- What you are asked to do
Although the records contain pictures, only their text should be set down, exactly as written.

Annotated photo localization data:

:::::

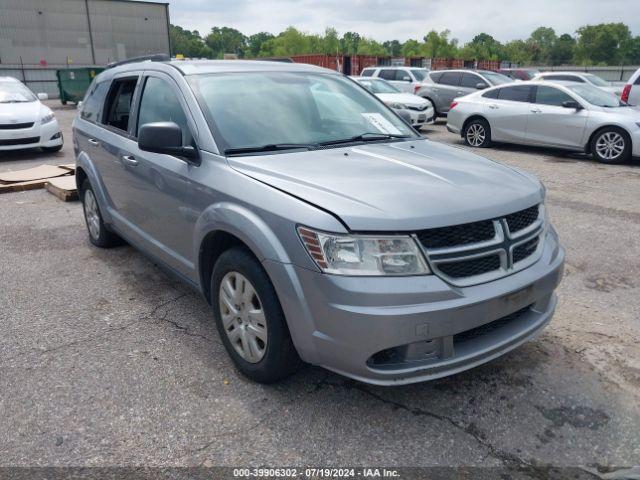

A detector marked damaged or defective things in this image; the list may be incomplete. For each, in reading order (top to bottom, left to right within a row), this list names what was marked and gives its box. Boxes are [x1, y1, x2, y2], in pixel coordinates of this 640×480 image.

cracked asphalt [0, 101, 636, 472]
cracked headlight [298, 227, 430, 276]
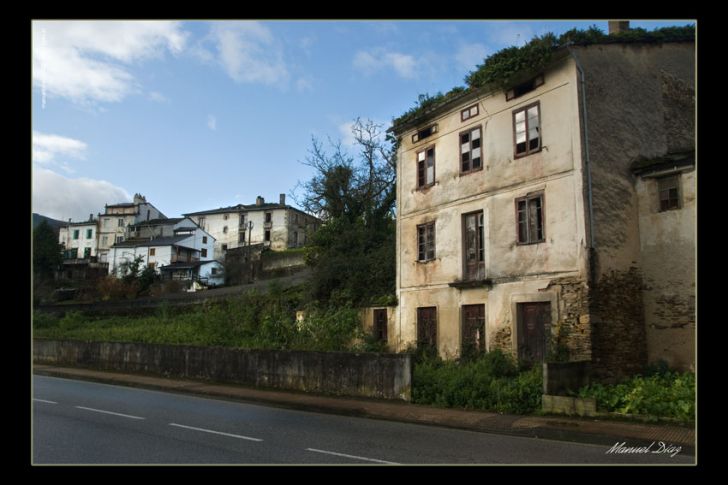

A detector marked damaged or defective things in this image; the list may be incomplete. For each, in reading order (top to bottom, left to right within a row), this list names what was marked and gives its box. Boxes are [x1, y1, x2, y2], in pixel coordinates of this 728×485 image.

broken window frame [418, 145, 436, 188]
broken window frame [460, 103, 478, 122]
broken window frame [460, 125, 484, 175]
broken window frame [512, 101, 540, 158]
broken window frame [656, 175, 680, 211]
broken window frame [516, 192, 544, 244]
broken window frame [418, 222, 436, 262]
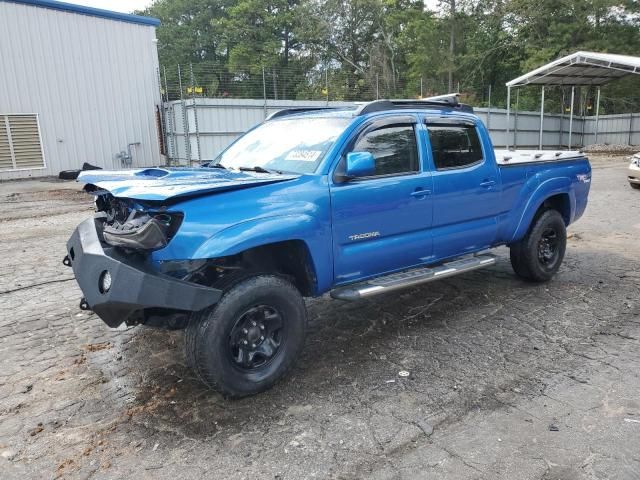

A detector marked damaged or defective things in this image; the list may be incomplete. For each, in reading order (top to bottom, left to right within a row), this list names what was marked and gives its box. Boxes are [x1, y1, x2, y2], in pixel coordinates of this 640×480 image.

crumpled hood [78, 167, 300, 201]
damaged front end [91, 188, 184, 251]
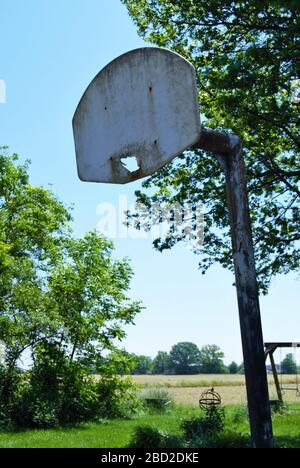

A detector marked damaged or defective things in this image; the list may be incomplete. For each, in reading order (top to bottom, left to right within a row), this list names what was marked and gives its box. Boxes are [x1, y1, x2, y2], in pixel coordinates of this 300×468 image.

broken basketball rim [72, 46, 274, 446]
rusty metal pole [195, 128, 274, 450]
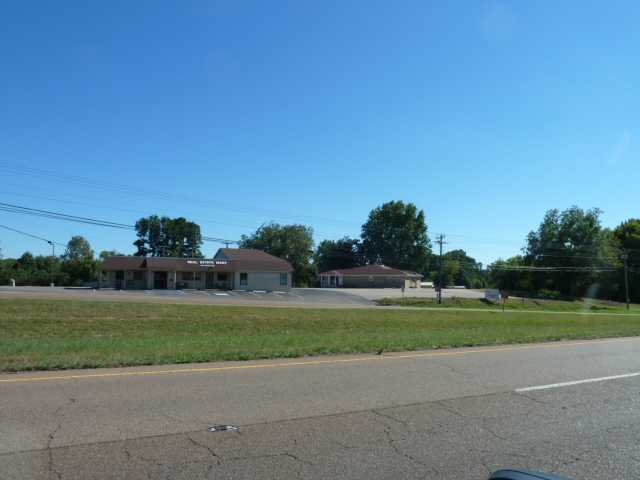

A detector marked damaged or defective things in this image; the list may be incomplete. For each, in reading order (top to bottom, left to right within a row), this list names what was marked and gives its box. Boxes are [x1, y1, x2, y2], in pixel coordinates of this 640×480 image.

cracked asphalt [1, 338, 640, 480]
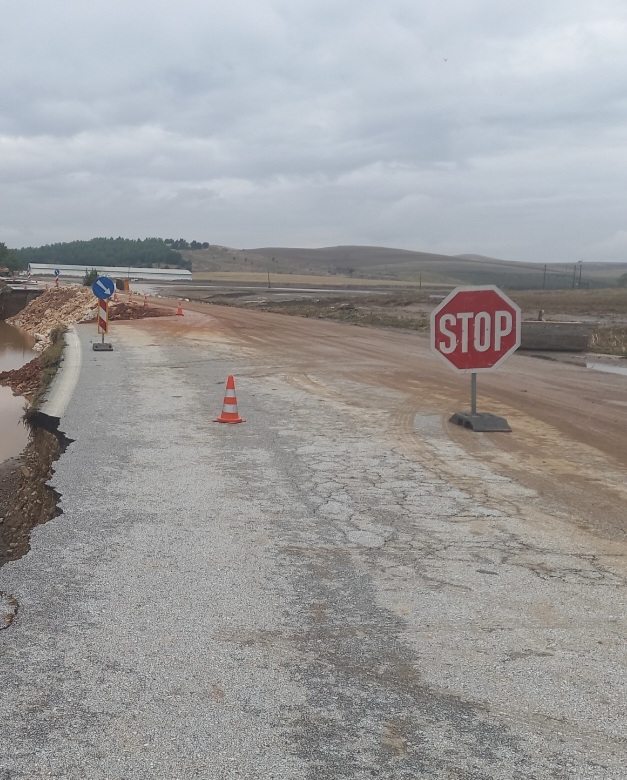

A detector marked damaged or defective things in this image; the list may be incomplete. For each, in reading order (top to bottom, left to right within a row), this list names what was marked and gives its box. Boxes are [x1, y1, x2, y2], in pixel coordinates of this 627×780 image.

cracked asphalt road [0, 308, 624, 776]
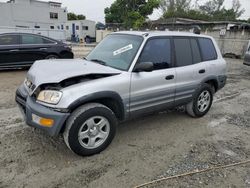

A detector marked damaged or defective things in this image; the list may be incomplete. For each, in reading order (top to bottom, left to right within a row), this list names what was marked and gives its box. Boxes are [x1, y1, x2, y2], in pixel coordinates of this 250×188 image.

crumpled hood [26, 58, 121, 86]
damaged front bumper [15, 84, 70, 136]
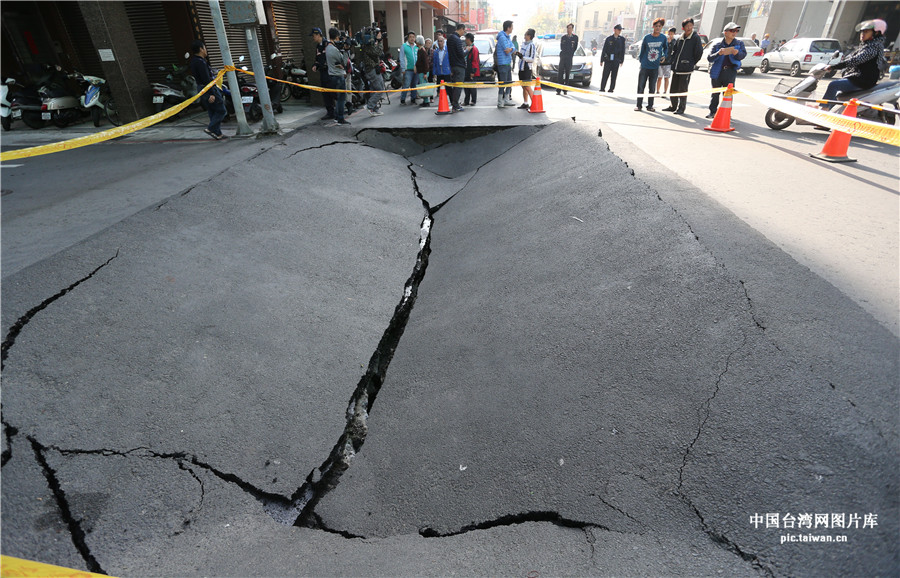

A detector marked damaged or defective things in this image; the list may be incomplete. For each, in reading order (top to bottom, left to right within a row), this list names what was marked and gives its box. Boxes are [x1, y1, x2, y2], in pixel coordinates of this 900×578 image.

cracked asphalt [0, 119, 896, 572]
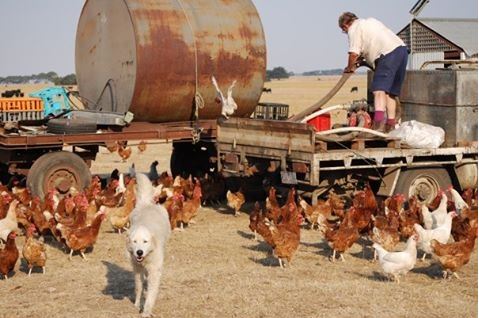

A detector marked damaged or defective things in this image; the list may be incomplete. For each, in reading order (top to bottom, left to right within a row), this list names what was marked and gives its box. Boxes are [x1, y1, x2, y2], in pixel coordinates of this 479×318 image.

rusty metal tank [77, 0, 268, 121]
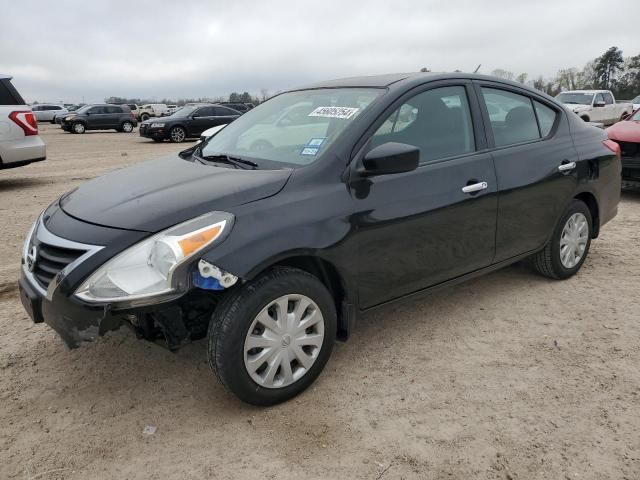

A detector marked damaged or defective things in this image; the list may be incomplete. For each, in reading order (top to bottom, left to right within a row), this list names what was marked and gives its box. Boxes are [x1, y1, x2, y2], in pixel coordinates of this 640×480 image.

:::::

- Your response
A detector marked damaged or defective things in this image; the list may be incomplete. For each, in reading order (top to bottom, left to right within a row), this list names what was marked and gives its box. Boxes are [x1, y1, x2, y2], in pixel coordinates of this 640×480 image.

cracked asphalt [0, 101, 636, 472]
cracked headlight [298, 227, 430, 276]

A detector marked damaged or defective things in this image; the list may be incomplete. For each, in reading order (top to bottom, left to right within a row), this list names what was marked and gives its box. Boxes are [x1, y1, x2, y2], in pixel coordinates of this 728×485 image.

broken window frame [418, 145, 436, 188]
broken window frame [460, 103, 478, 122]
broken window frame [460, 125, 484, 175]
broken window frame [512, 101, 540, 158]
broken window frame [656, 175, 680, 211]
broken window frame [516, 192, 544, 244]
broken window frame [418, 222, 436, 262]

A detector marked damaged or defective things in this image; the list may be incomplete. For each, in reading order (top to bottom, left to right within a row), this list names what was marked and gives its box. Boxes are [x1, y1, x2, y2], in pixel coordinates of this 640×480 image.

crumpled hood [78, 167, 300, 201]
damaged front end [91, 188, 184, 251]

A detector marked damaged or defective things in this image; the list may be incomplete. For each, in reading order (top to bottom, left to right within a row), this list names what was marked and gives its box. Boxes are [x1, y1, x2, y2], in pixel coordinates of this 300×468 image.

broken basketball rim [72, 46, 274, 446]
rusty metal pole [195, 128, 274, 450]

A detector marked damaged or defective things in this image; the list may be incomplete. For each, in reading order (top to bottom, left to right within a row), this list names what was marked and gives its box. Boxes are [x1, y1, x2, y2], in pixel coordinates of this 640×480 image.

cracked asphalt [1, 338, 640, 480]

A detector marked damaged or defective things in this image; the list may be incomplete. For each, in reading order (top to bottom, left to right within a row), this list names what was marked and gives its box. Boxes are [x1, y1, x2, y2], in pixel coordinates of this 627×780 image.

cracked asphalt road [0, 308, 624, 776]

A detector marked damaged or defective things in this image; the list may be incomplete. For each, in reading order (top to bottom, left to right within a row), this list names what was marked and gives its box. Boxes are [x1, y1, x2, y2], in pixel coordinates of this 250×188 image.

crumpled hood [26, 58, 121, 86]
damaged front bumper [15, 84, 70, 136]

A detector marked damaged or defective things in this image; the list may be incomplete. For each, in reading order (top to bottom, left to right within a row), this list names what was marked and gives its box. Boxes are [x1, y1, x2, y2], in pixel coordinates of this 900×578 image.

cracked asphalt [0, 119, 896, 572]

A detector marked damaged or defective things in this image; the list may be incomplete. For each, in reading order (top to bottom, left to right within a row), this list names what was marked and gives its box. Boxes are [x1, y1, x2, y2], in pixel coordinates of this 479×318 image.

rusty metal tank [77, 0, 268, 121]

A detector marked damaged or defective things in this image; the list may be incomplete. For each, in reading order (top to bottom, left to right within a row), this list names what was marked and gives its box. Boxes are [x1, y1, x2, y2], in pixel coordinates of this 640×480 image.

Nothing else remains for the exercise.